VIDA VIRTUAL



 
        Todo mundo fala em vida virtual, amores virtuais, sites de relacionamento, tablets e cia...mas, isso tudo, de certa forma, é muito recente. Eu comecei a me tornar um ser virtual há 30 anos; há 25, o processo se completou. Sou, deveras, a mais antiga criatura virtual que conheço... a mais antiga, ou quase... E não sobrou quase nenhuma rua, estrada, vereda por onde eu possa seguir para  tentar voltar a ser imediata, real.
               Na verdade, muito antes de mim e  disso tudo, Fernando Pessoa já afirmava, no poema "Tabacaria": "(E penso: talvez nunca vivesses nem estudasses nem amasses nem cresses/ (Porque é possível fazer a realidade de tudo isso sem fazer nada disso.")

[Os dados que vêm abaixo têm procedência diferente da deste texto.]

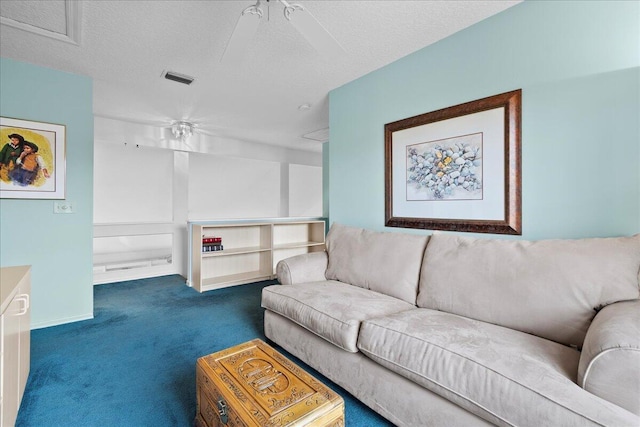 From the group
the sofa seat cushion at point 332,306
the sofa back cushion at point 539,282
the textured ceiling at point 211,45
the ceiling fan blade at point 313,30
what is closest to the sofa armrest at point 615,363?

               Então, a Internet e a tecnologia de ponta constituem, em última análise, meros instrumentais de uma virtualidade contemporânea. Virtuais sem esse nome sempre foram os artistas presos à  radicalidade  de um certo sentimento de não presença, de "não se estar onde se está", de ser-se um exilado permanente, um estrangeiro, um "não-pertencido a". Para muitos, isso constitui apenas o sinal de uma patologia. Quem sou eu para dizer que não o é, uma patologia. Há um poeta dos Estados Unidos, de cujo nome não me lembro no momento, para quem "a linguagem é um vírus."
               Dou-me conta de que me desviei brutalmente do rumo que essa prosa  prometia seguir, a partir da escrita no primeiro parágrafo. Bem... A poesia foi, mesmo, a grande culpada por eu ter me tornado, há 25 anos, um ser virtual "completo". Até aí, pouca novidade: a poesia torna seres virtuais, muitos poetas, o Fernando Pessoa  é exemplo claro disso. No meu caso, a poesia foi o instrumento que me levou ao amor: o amor me tornou uma criatura virtual. Não posso dizer mais, que dizer mais são "outros quinhentos", como diziam os nossos bisavós.   
                  Só posso  terminar dizendo que nunca mais, nunca mais me houve cura possível. Por causa do amor; também por causa da poesia, embora eu não me considere realmente poeta.